In the simplest sense, all U-Net provides to the user are an interface to the device driver and a shared buffer between the user space and kernel. User is supposed manage the buffer on his own in building protocol stacks.

Latency of a network stack consists of the following:

context switch - this no one can get away with. U-Net needs to make system calls in channel creation, tear down, informing kernel data is available for send in the shared buffer and making up calls when data arrives.
data copy between user-space and kernel ( copyin() and copyout() functions). U-Net avoids this by providing a shared buffer allocated by the kernel and restricts the user to use this buffer only.
processing of data by different layers of protocol. This overhead comes with the functionality provided by these protocols, whether the protocol is in user space or kernel space, this is not avoidable.

How does U-Net work?

User application makes a system call to create an endpoint, this server as a handle to the network.
Application setup channels to demultiplex packets destined for the same endpoint.
Along with the endpoint, the application get a buffer, which is shared between the user space and the kernel.
Application compose the data that it wish to send in that buffer area and compose a descriptor for that data segment and push the descriptor on to the tx queue.
Application traps into the kernel to reflect that something is in the tx queue.
On the receive side, data can only arrive in the buffer came with the endpoint.
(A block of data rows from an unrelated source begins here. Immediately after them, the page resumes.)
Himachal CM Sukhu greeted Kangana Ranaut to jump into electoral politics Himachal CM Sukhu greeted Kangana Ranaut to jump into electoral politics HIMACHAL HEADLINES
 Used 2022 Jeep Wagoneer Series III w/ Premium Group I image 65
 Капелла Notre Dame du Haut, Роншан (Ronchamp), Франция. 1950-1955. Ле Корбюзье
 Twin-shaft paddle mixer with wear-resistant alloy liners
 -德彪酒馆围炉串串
The application can either poll the rx queue or register a upcall with the module in the kernel for an asynchronous notification.

Zero-copy

Normally, there are 2 copies with normal operating systems doing a send().
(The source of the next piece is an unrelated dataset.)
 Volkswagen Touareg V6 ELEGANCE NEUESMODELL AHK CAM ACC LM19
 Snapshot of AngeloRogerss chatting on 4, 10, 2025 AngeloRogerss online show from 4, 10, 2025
Copying from user space to kernel space.
Copying from kernel to the device's buffer.

The second copy can not be avoided without hardware support, like the SBA-200's firmware. Therefore this trick from direct access U-Net is not universally applicable.

The first copy U-Net gets away with restricting the user with the buffer that is provided by the U-Net at endpoint creations. This restriction makes it very inconvenient for the user application, and this leads to a later paper "U-Net with buffer management", which pins user memory down as a send request come in. However, what does send() in TCP really mean in this zero-copy architecture? In the traditional OS, " TCP send(buf.. ) returns" means the content of the buffer is copied into the OS's buffer, returning from send() means the buffer can be reused and the content of buf will be sent eventually ( assuming no abnormality occurs). But in U-Net's zero copy structure, the buffer cannot be reused until an ack is received, therefore the application either have to ask for another buffer through its own buffer management or simply block for the ack. For UDP or RPC this works quite well but for TCP copy is still required.

Critiques and questions:

"remove kernel completely from the critical path"? what about system-wide resources that needs to be shared among different applications. TCP/UDP port number space? ARP table? routing table? where should these things be kept? .
Flexibility. To build new communication protocols, one can use raw socket together with a mechanism for asking kernel to allocate buffers in the kernel. To customize protocols, I think it's better to have the OS provide a protocol layering mechanism for easy insertion and by-pass, rather than having the entire protocol stack (customized) appear in the user space. For mortals like me, moving the protocol stack up to the user space is not easy.
For easy developing and debugging of network protocols, one can consider the SurReal instead, the new network simulator currently being developed at Cornell.
Tagging the packet. Tags are used for U-Net to demultiplex incoming packet into different endpoints. This makes it impossible for U-Net to communicate with a regular stack. This motives the work on packet filtering later.
This paper did not address how to identify machines with U-Net. And in the TCP implementation, it says "module not in the criticial performance path such as ARP are not ported to U-Net". 1. Looking up an arp entry is in the critical path. 2. Without ARP, U-Net is identifying machines with hardware address?
This paper also argues that having stack in the user space can allow easy query of the network param for feedbacks. This type of query can be done in a traditional OS with getsockopt(), ioctl().
Having stack in the user space also allows the user application to corrupt the stack. No queuing pocliy is addressed in the paper. If FCFS is used, the corruptions of one stack can affect everyone else.